Potenzialmente un bengodi, in un ecosistema digitale in cui soggetti grandi e piccoli si sono mossi finora affidandosi a standard proprietari e difficilmente compatibili, che promette di automatizzare in modo certo e sicuro fasi importanti nel trattamento della merce come la tracciabilità della stessa, la gestione delle transazioni economiche, l’allocazione razionale dei mezzi, la certificazione dei controlli; fino all’applicazione dei cosiddetti “smart contract” basati sul principio causa-effetto in grado di ridurre al massimo la presenza di soggetti intermedi. 
Non è un caso che con l’eccezione del settore finanziario, entro il quale la blockchain nasce, sia proprio il comparto logistico quello in cui si prospettano i maggiori investimenti.
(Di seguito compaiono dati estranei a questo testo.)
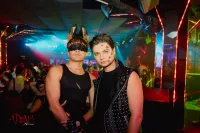 ARENA HALLOWEEN 2025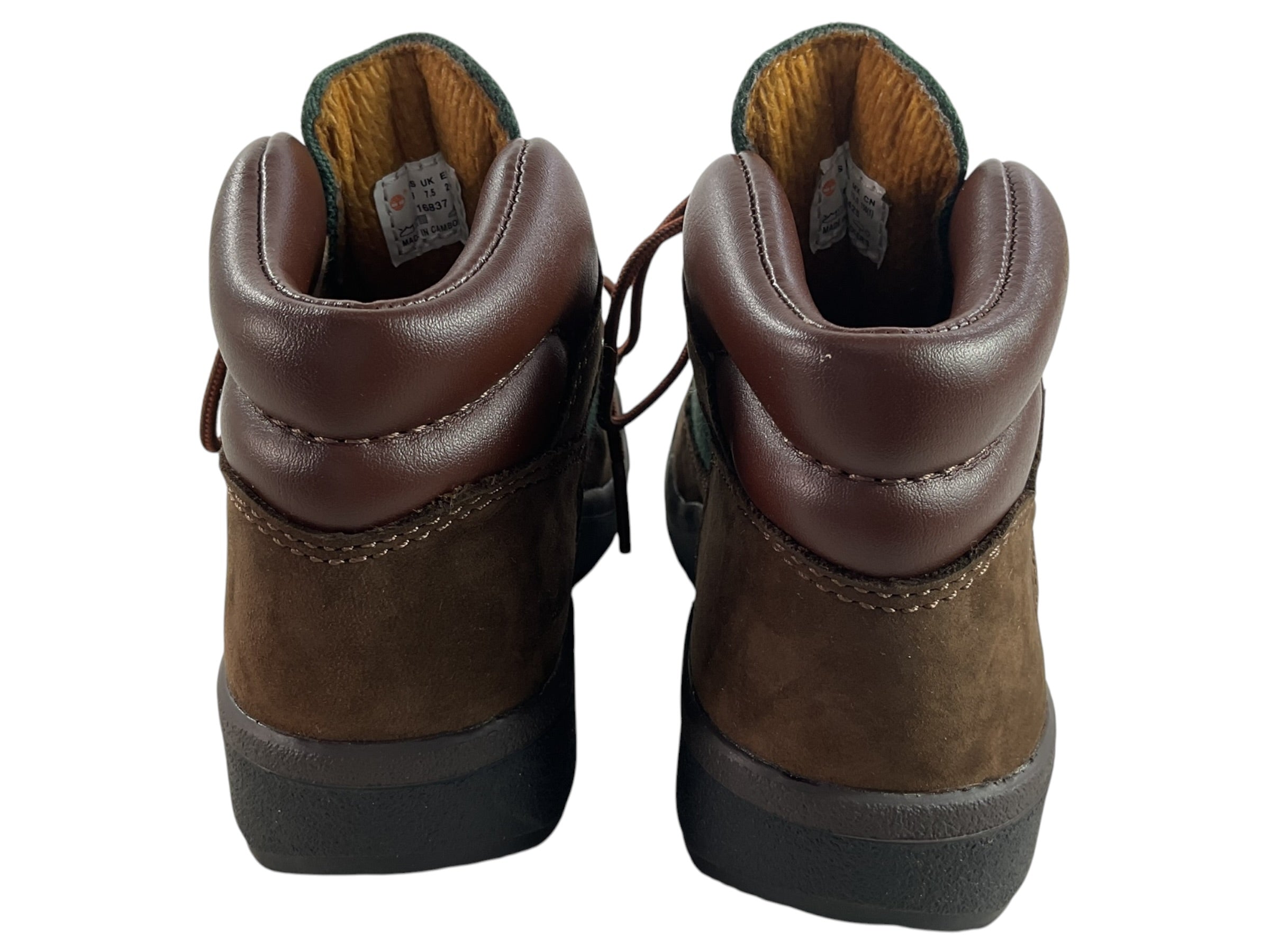 Zapato niño 8 (TIMBERLAND)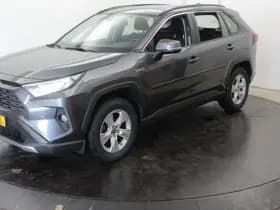 Toyota RAV4 2.5 Hybrid 218 PK Camera Trekhaak Adep Cruise Carplay NL Auto thumbnail 63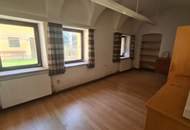 Historische Stadthäuser in Feldkirchen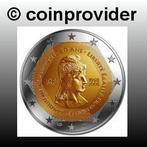 Commemoratieve 2 euromunten UNC: DE SOLDEN ZIJN BEGONNEN, Postzegels en Munten, Verzenden, Overige landen, 2 euro, Losse munt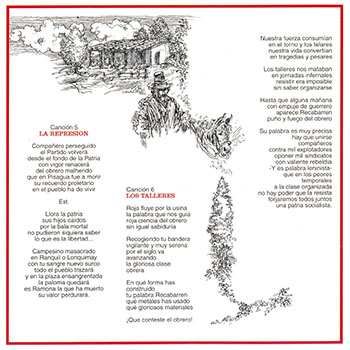 Libreto 3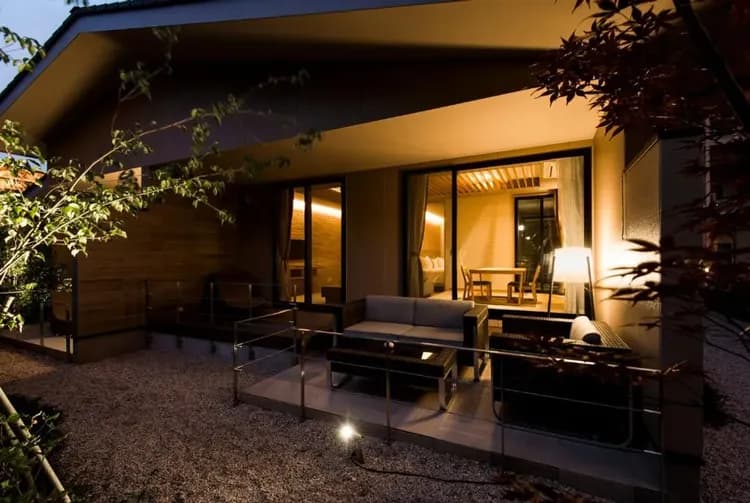 Unzen Onsen Kyushu Hotel-8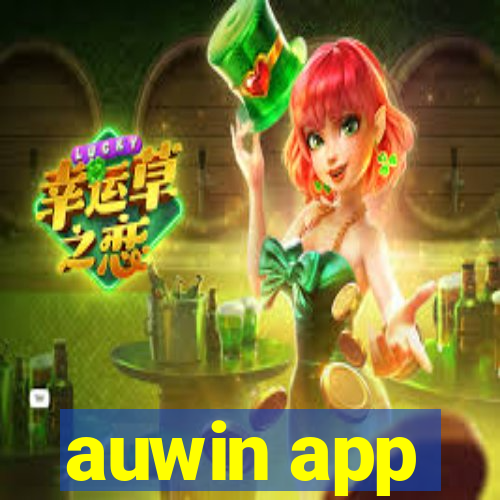 auwin app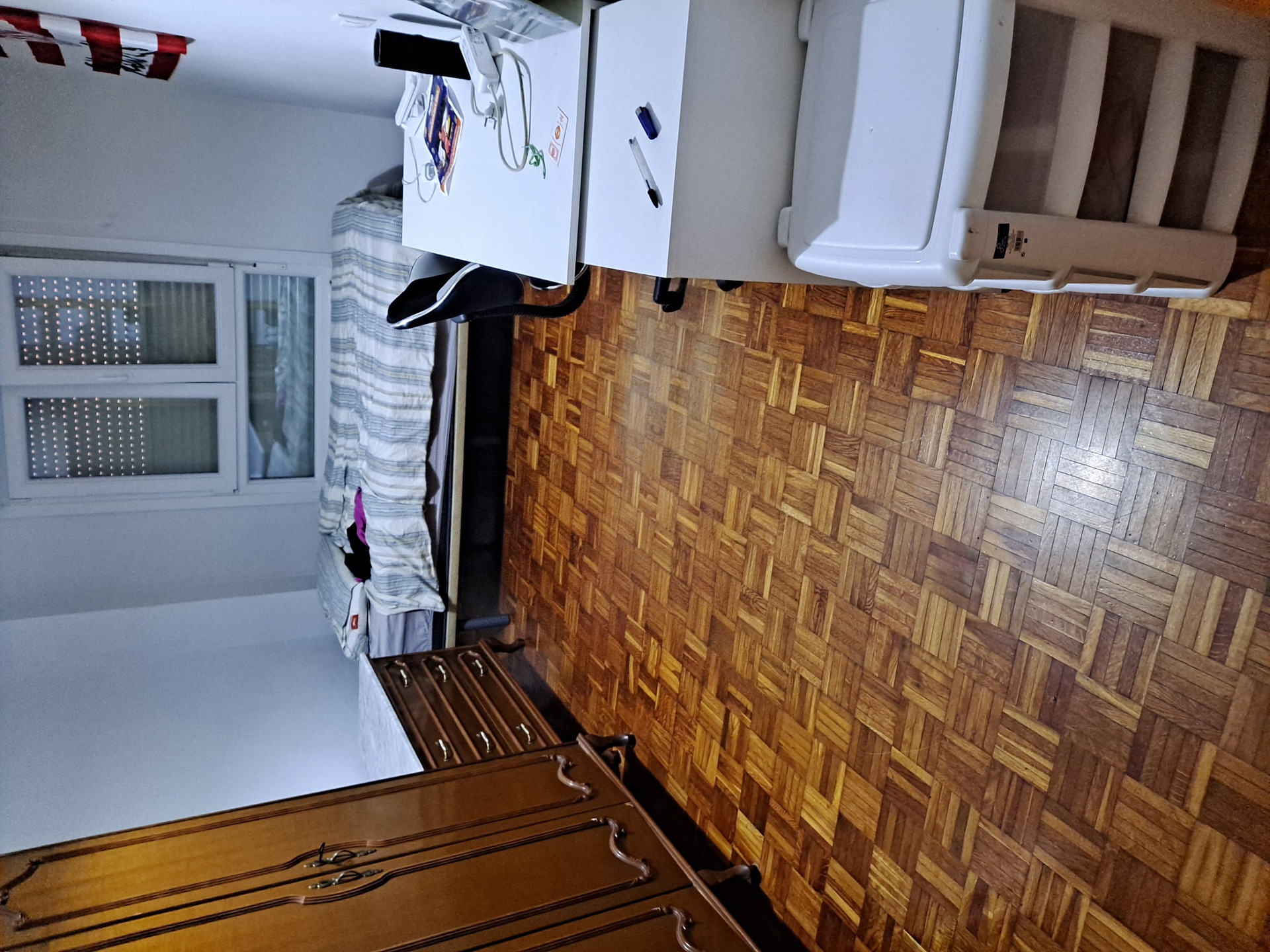 Piso de 110 m² en Talavera de la Reina
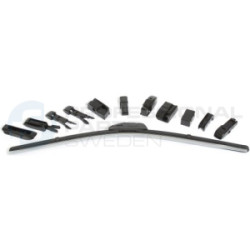 Pióro wycieraczki Professional Parts 81994100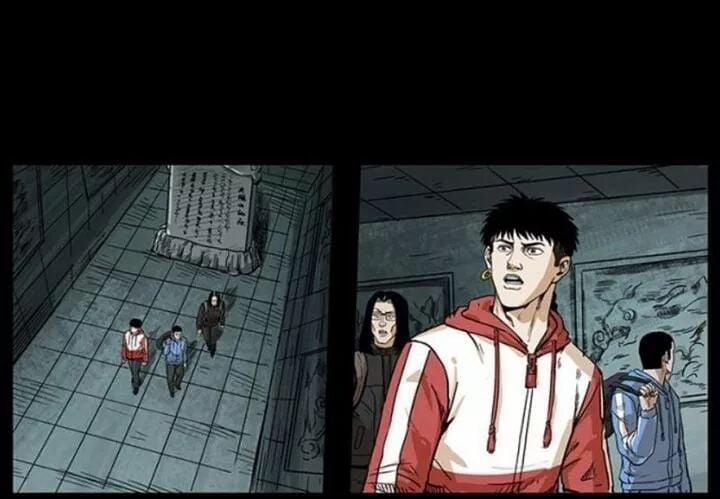 U Minh Ngụy Tượng 218 trang 72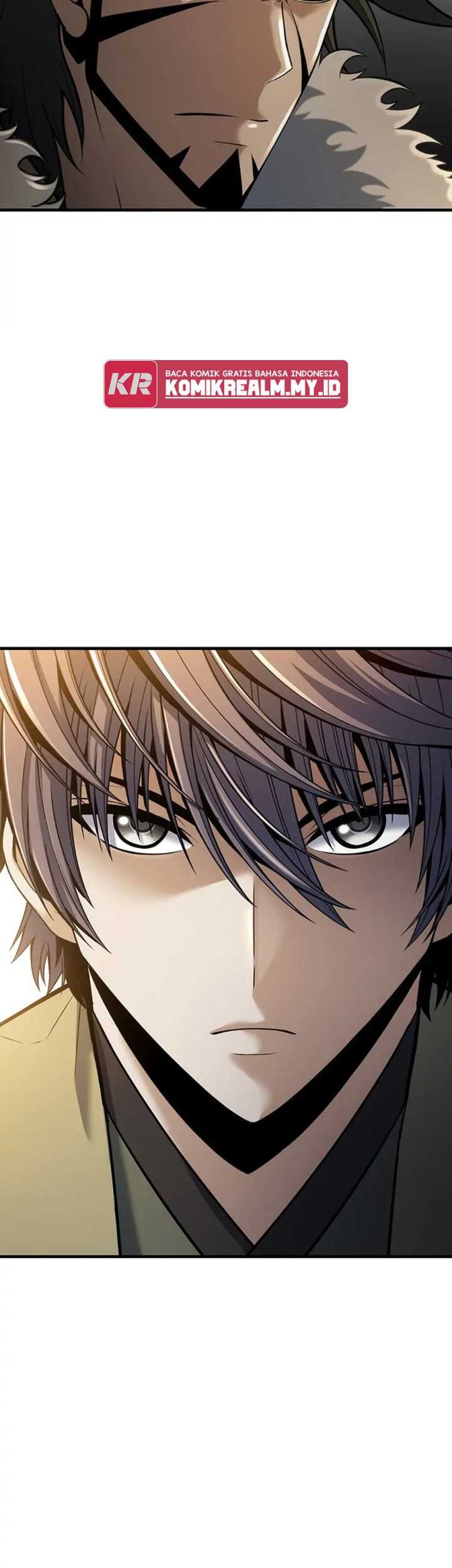 The Star Of A Supreme Ruler Chapter 64 - halaman 52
In un mercato europeo in cui, secondo le previsioni, complessivamente le risorse per le nuove applicazioni passeranno dagli attuali 400 milioni di dollari a oltre 5 miliardi nei prossimi 5 anni.

Un ciclo efficiente, veloce e diretto, insomma, che presuppone, come ogni rivoluzione tecnologica, anche un adeguamento di prassi consolidate. Uno dei pregi della blockchain, ovvero l’immodificabilità di ciò che è registrato nei suoi blocchi, potrebbe tradursi in eccessiva rigidità quando calato nell’universo della contrattualistica. Il che potrebbe far nascere l’esigenza di nuove figure, altamente specializzate, in grado di tradurre un contratto in linguaggio di programmazione. 
Ma le criticità riguardano l’assetto stesso del mondo logistico e sono insite nella “filosofia” stessa che negli anni novanta ispirò gli sviluppatori di questa tecnologia: bypassare qualsiasi tipo di intervento istituzionale terzo nelle transazioni tra privati. 

Un rischio ben presente in un report dell’International Transport Forum che denuncia una serie di criticità tra cui le barriere all’ingresso nel mercato della logistica e la formazione di un mercato della gestione dei dati sui flussi logistici dominati da pochi soggetti, magari legati alle grandi alleanze oligopolistiche del trasporto marittimo. Considerando i grandi investimenti necessari per le nuove applicazione “si renderà necessario – sottolinea l’ITF – trovare il giusto equilibrio tra open standard e sistemi proprietari”.